From their summary, Amazon’s solution to this was to change their system to enforce a minimal number of these server instances and to scale them down more gradually when they are to be taken offline. This was the right thing for them to do and indicates that they have the systems in place to deliver automated desired state configuration, even if the particular constraint that they accidentally broke wasn’t enforced by this system originally. Better yet, if they can make the system self-healing and have it create and configure new instances to replace those being taken out of production for debugging purposes.
Design and test for failure
The blame for any commercial damage caused by the outage cannot be placed entirely at Amazon’s door as the issue only occurred in one datacenter, Northern Virginia (or US-EAST-1). There are numerous strategies and tools that provide redundancy to protect against a large cloud outage, including cross-region replication of data to another AWS datacenter. So if customers were affected by the outage then it is because their disaster recovery plans were inadequate also.
Moving workloads to the public cloud do not mean that high availability and disaster recovery is outsourced alongside the infrastructure. Software should be designed so that there are no single points of failure, likewise, robustness to outages of various severity should be pro-actively tested.
One service famously hosted in the Northern Virginia data center is Netflix, who suffered no noticeable disruption during the outage whatsoever. This is because Netflix are world leaders in designing for failure and they actively test how their systems respond to outages with automation tools. Better yet, they’ve even open-sourced them, you can read about Netflix’s Simian Army here. Their flagship tool is called Chaos Monkey and its job is to randomly kill their production virtual machine and container instances to prove that their systems can recover from outages without customers noticing. It’s the software version of letting a raging ape run riot in your datacenter! The most appropriate tool in the Simian Army in the case of the S3 outage is Chaos Gorilla, which simulates an outage of an entire Amazon data center to test the sort of automated failover that protected Netflix when it happened for real.

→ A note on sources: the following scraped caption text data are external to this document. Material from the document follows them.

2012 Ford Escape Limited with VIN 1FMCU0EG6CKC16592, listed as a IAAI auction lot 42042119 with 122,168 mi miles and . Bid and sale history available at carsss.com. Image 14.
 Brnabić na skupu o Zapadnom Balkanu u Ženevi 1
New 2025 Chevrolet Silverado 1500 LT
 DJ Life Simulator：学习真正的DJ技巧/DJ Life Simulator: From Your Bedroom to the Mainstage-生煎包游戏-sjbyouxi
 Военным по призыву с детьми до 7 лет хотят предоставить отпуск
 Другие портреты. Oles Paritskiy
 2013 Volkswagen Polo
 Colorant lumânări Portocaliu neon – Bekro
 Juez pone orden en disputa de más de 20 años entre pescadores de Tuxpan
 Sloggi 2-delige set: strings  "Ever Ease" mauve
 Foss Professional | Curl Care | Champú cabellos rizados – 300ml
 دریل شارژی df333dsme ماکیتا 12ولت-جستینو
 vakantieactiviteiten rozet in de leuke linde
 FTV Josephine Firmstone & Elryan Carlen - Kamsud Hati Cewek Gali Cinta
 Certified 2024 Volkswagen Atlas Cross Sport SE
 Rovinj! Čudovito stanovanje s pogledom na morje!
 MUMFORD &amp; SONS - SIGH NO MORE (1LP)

Similarly, if Amazon had tested the failures of their index and placement subsystems proactively they might have been able to take some preemptive action and refactor to improve its recovery time. They may do this testing already, but in their summary, they say that these subsystems had not been restarted for several years and the work required to restart them safely surprised them. So it’s probably safe to assume that they don’t do this sort of testing for these particular subsystems.
Embrace the hard lessons
Amazon has gotten a hard time in some sections of the media for the outage, but no service in the world has a 100% service level agreement and it’s not like their competitors never have outages of their own, I can assure you they do! Bugs happen, people make mistakes and not everything that could have been done to mitigate the risks makes it to the top of the backlog.
Amazon will have performed a post-mortem internally and identified deliverables that will ultimately improve the service AWS customers receive in the long run and we’ve got to view that as a good thing. That’s how I think the software community need to view situations like this when we find ourselves in them. We should expect failure, design under the assumption that it will happen and when it does try to extract the maximum value from the situation by identifying weaknesses and vulnerabilities honestly, openly and without blame.